> **What needs to be done**
When writing out the entries below, keep only the lines from the line with "Amatőr tini vörös" to the line with "На Волині митник", both included, exactly as they are, and leave the pictures aside.

> **Data supplied**
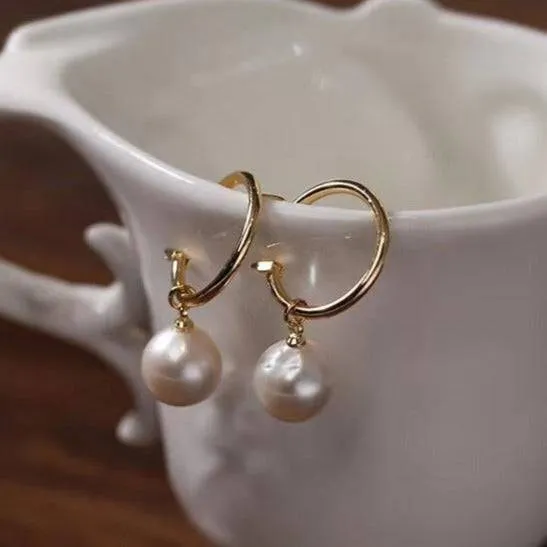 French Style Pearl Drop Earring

--

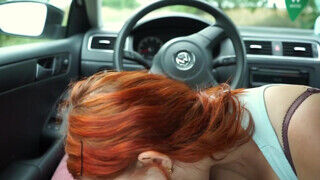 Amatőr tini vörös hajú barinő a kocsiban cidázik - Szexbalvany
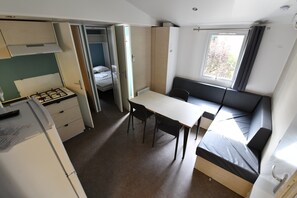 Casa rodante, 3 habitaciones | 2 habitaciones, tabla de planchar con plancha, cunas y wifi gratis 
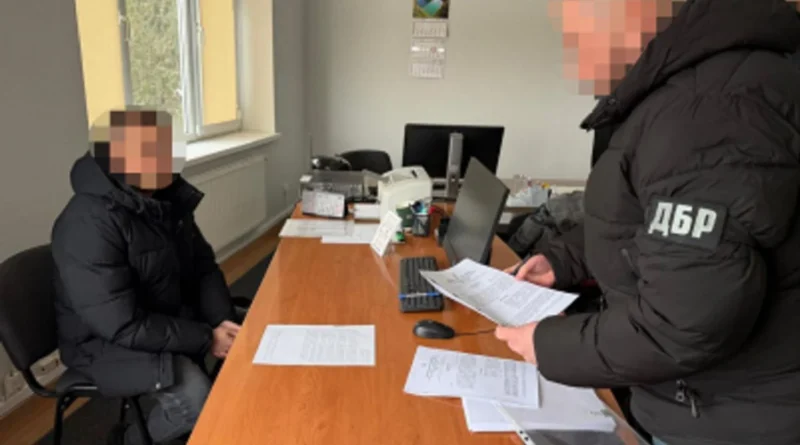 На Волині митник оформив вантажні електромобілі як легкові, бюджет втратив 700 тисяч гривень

==

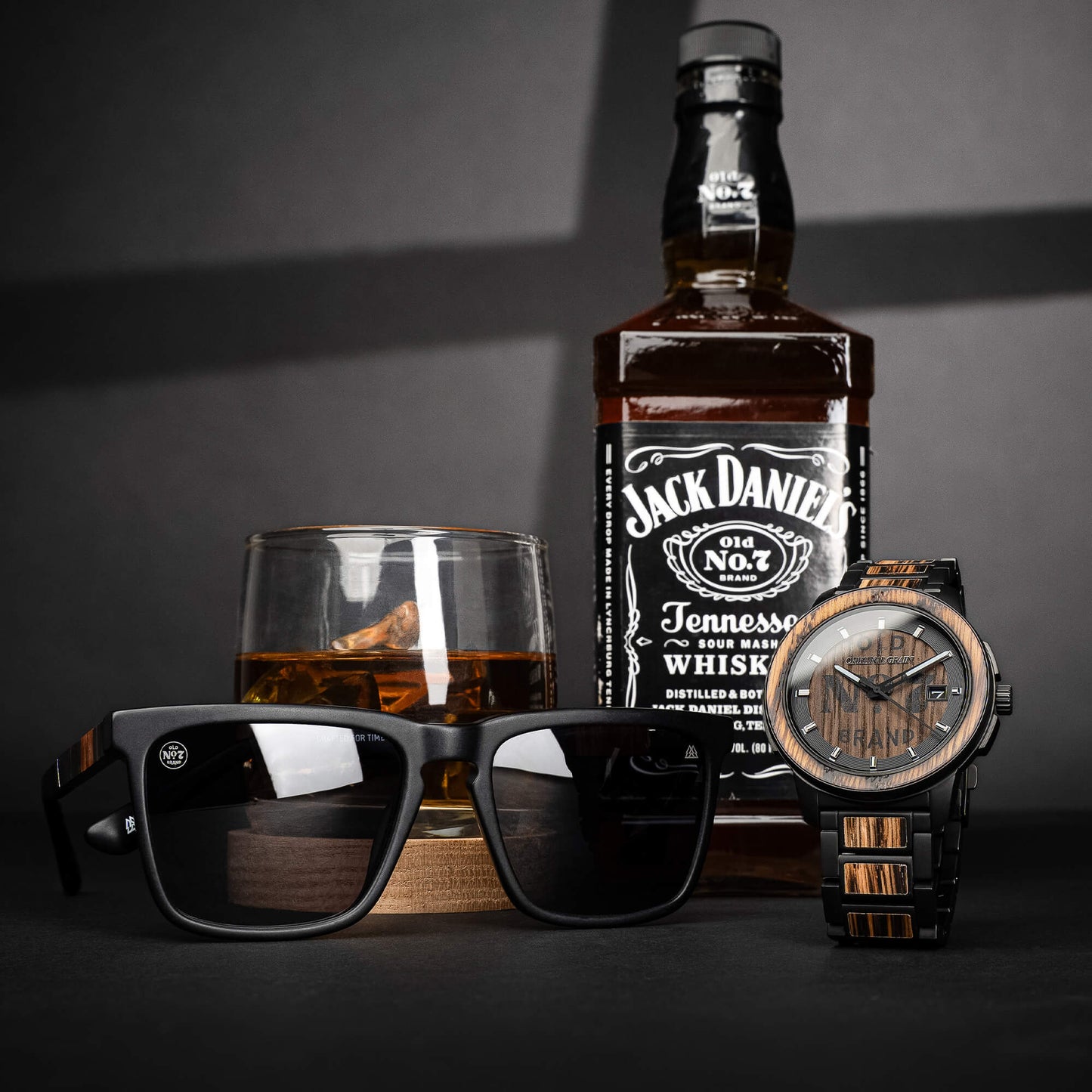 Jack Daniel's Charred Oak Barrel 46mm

> **The answer**
 Amatőr tini vörös hajú barinő a kocsiban cidázik - Szexbalvany
 Casa rodante, 3 habitaciones | 2 habitaciones, tabla de planchar con plancha, cunas y wifi gratis 
 На Волині митник оформив вантажні електромобілі як легкові, бюджет втратив 700 тисяч гривень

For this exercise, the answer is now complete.